Nona Vas Bunga menahan napas mendengarkan
pembicaraan mereka. Anak-anak kapur yang biasanya ribut, kali ini terdiam
seribu bahasa. Hanya terdengar tik-tok jarum Nyonya Jam yang memang tak akan berhenti
kecuali jika baterai habis.
“Jangan menangis, Sayang. Semua ada jalan
keluarnya,” bisik Robi. Ia mengecup kening SI Juliet untuk menenangkannya.
“Tapi, nggak seharusnya calon pemimpin berbuat
seperti ini, kan? Bagaimana nanti jika .... “
“Sudah, sudah. Aku membatalkan rencanaku itu.
Sempat kupikirkan memang, aku terlalu banyak kegiatan di sini. Untuk sekedar
mengantarmu pulang pun aku sering banget nggak sempat. Kamu sadar nggak, kalau
aku nggak pernah main sama kamu lagi saat malam minggu? Kamu benar, aku nggak
punya banyak waktu buat kamu. Aku yang terlalu egois.”
“Bagaimana sekolah kita nanti?” tanya Raras, tak
menggubris kata-kata Robi. Pikirannya kalut, tak tahu harus bagaimana nanti.
Bagaimana jika orang tuanya tahu? Bagaimana jika teman-temannya tahu?

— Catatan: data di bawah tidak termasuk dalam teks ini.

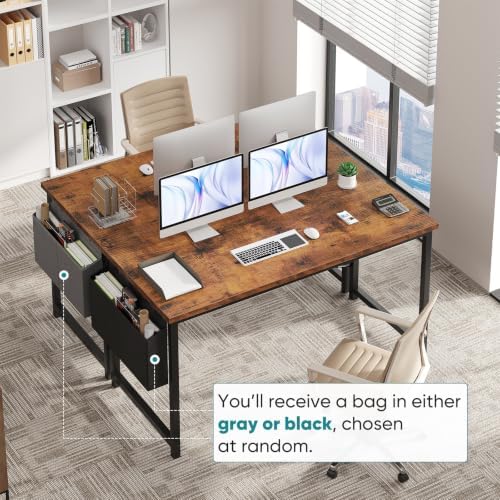 OLIXIS Computer Desk, 55 Inch Gaming Desks for Home Office Small Spaces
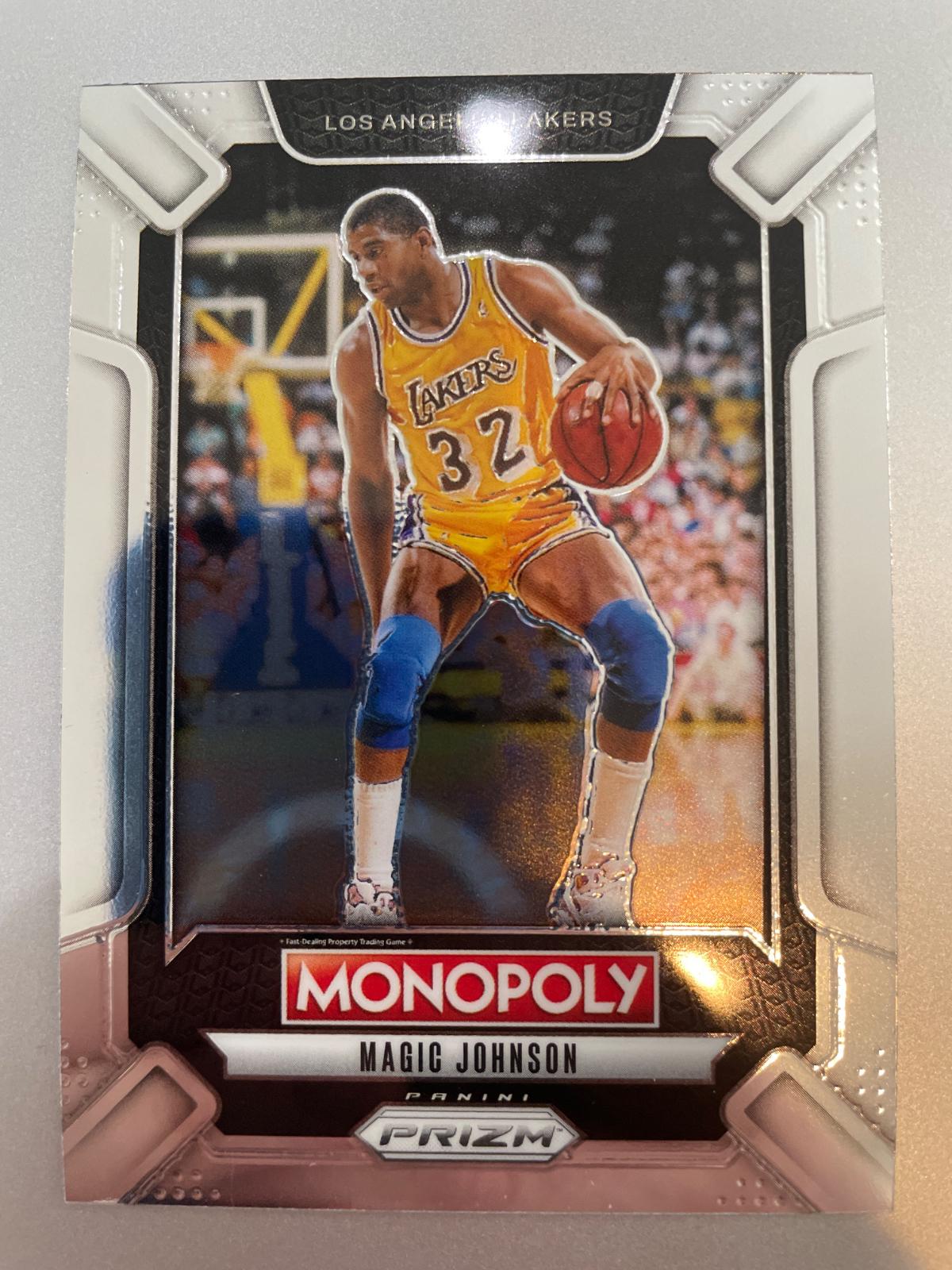 2024 Panini Prizm Monopoly Legends Magic Johnson #LEG4 card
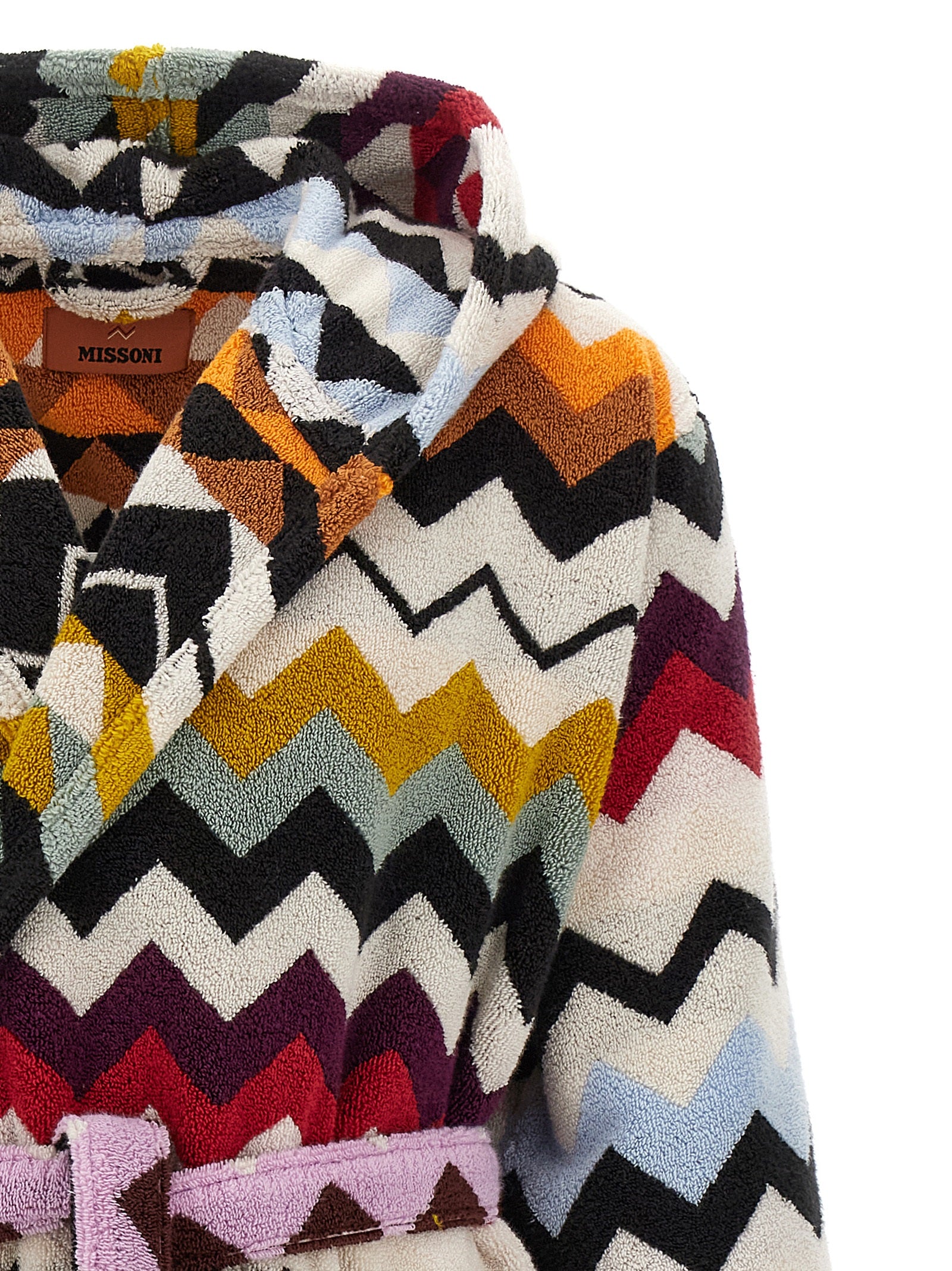 Murrina hooded bathrobe Multicolor Cotton Towels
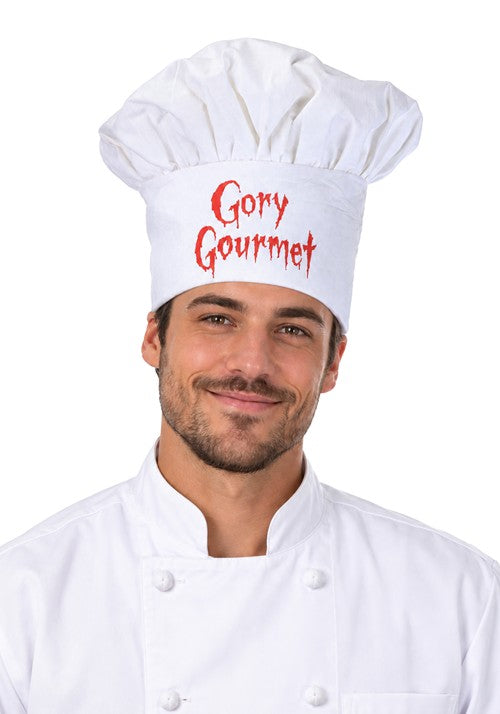 Gory Gourmet Costume Chef Hat Accessory - US 6180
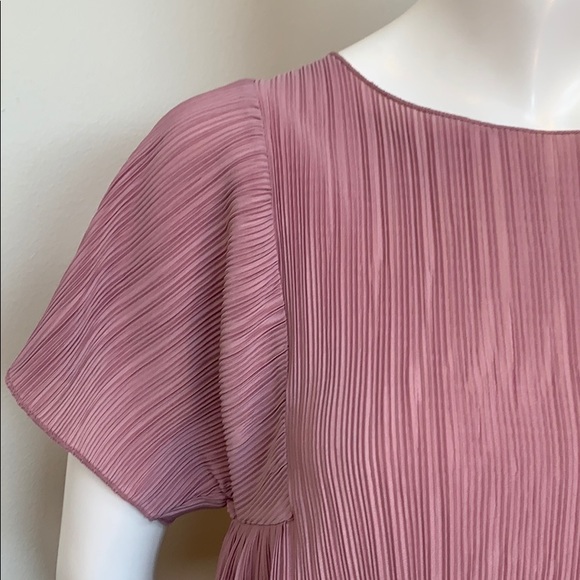 NWOT Madewell Ribbed Dusty Pink Top - Picture 2 of 4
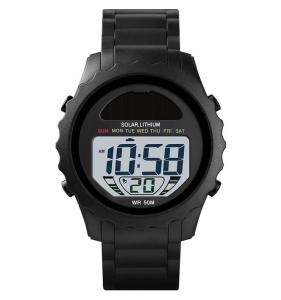 Wholesale solar watches women 1585 new design relojes hombre skmei digital wrist watches men sports waterproof solar watch from china suppliers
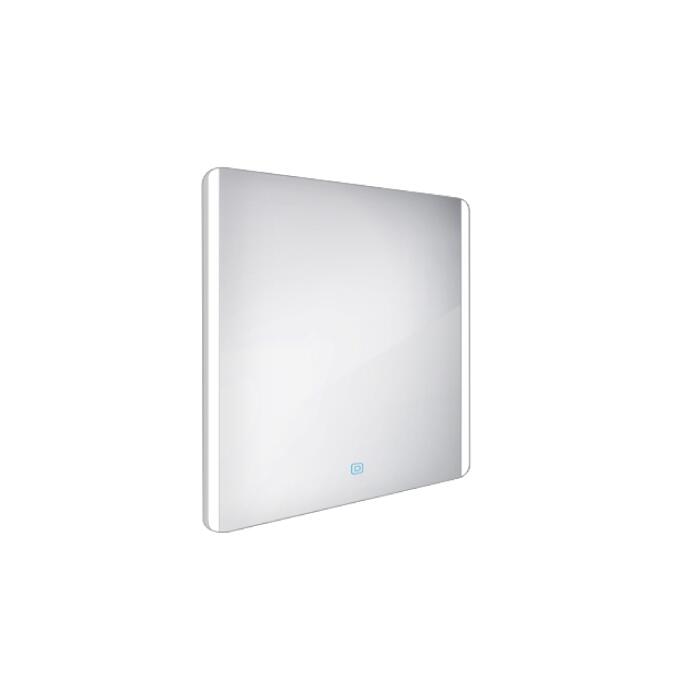 Zrcadlo hliníkový rám s led osvětlením, senzorem, 800x700 mm - Nimco Série 17000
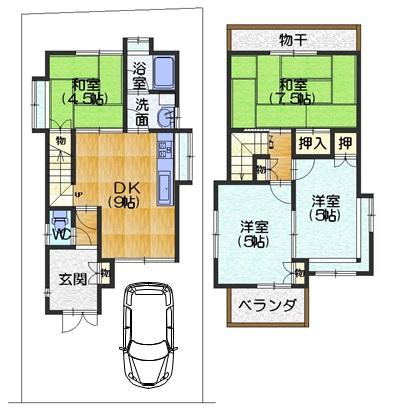 Floor plan. 15.8 million yen, 4DK, Land area 70 sq m , Building area 70.47 sq m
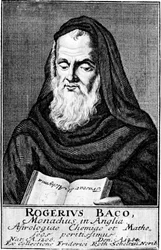 Roger Bacon, englantilainen kokeellinen tiedemies, filosofi ja fransiskaanilitari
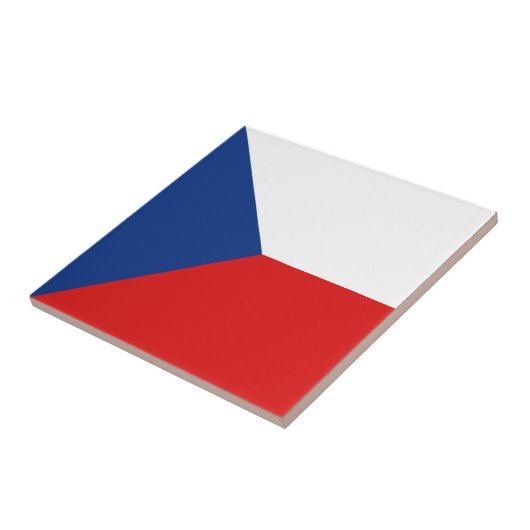 Czechia Flag Ceramic Tile Tegeltje (Zijkant)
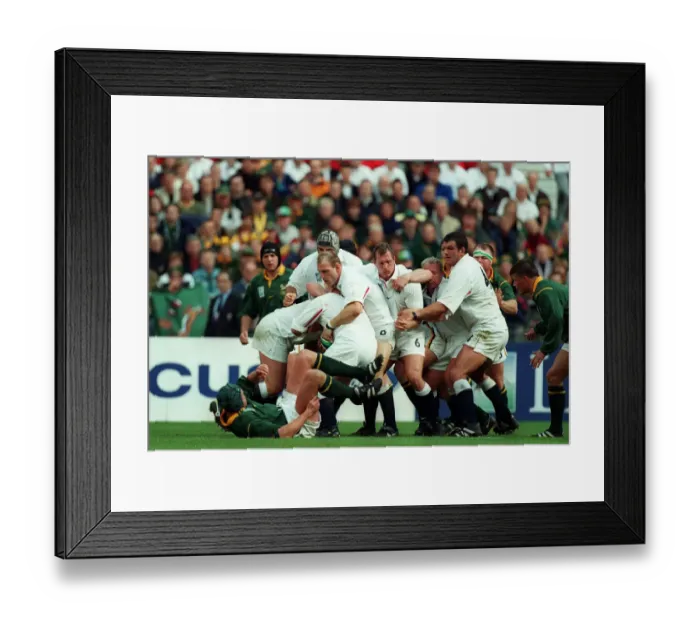 Framed Print : Dallaglio & England Pack Framed Print : Dallaglio & England Pack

“Kita akan tetap sekolah kok. Jangan khawatir,” ujar Robi, “aku tahu tempat yang harus kita datangi sekarang. Nggak jauh dari bantaran Ciliwung. Kita ke sana sekarang, ya. Jangan takut.”
Aku terkesiap. Berusaha memahami kata demi kata yang terlontar dari bibir Robi.
“Kita akan tetap sekolah kok. Jangan khawatir,” ujar Robi, “aku tahu tempat yang harus kita datangi sekarang. Nggak jauh dari bantaran Ciliwung. Kita ke sana sekarang, ya. Jangan takut.”
Aku terkesiap. Berusaha memahami kata demi kata yang terlontar dari bibir Robi.
“Anak muda jaman sekarang! Tidak tahu malu! Tidak
beretika,” cibir Nyonya Jam geram.
“Itukah Romeo dan Juliet-mu yang kaubanggakan itu,
Tuan Tembok?” sindir Tuan Papan Tulis tak mau kalah.
Aku mengabaikan segala caci maki dan cibiran
teman-temanku. Mataku terus memandangi makhluk Tuhan yang mulai meninggalkan ruang tak
bisu ini, melepas kepergian mereka menuju tempat apa itu namanya, aku pun
enggan mencari tahu. Seperti inikah Romeo dan Juliet pujaanku?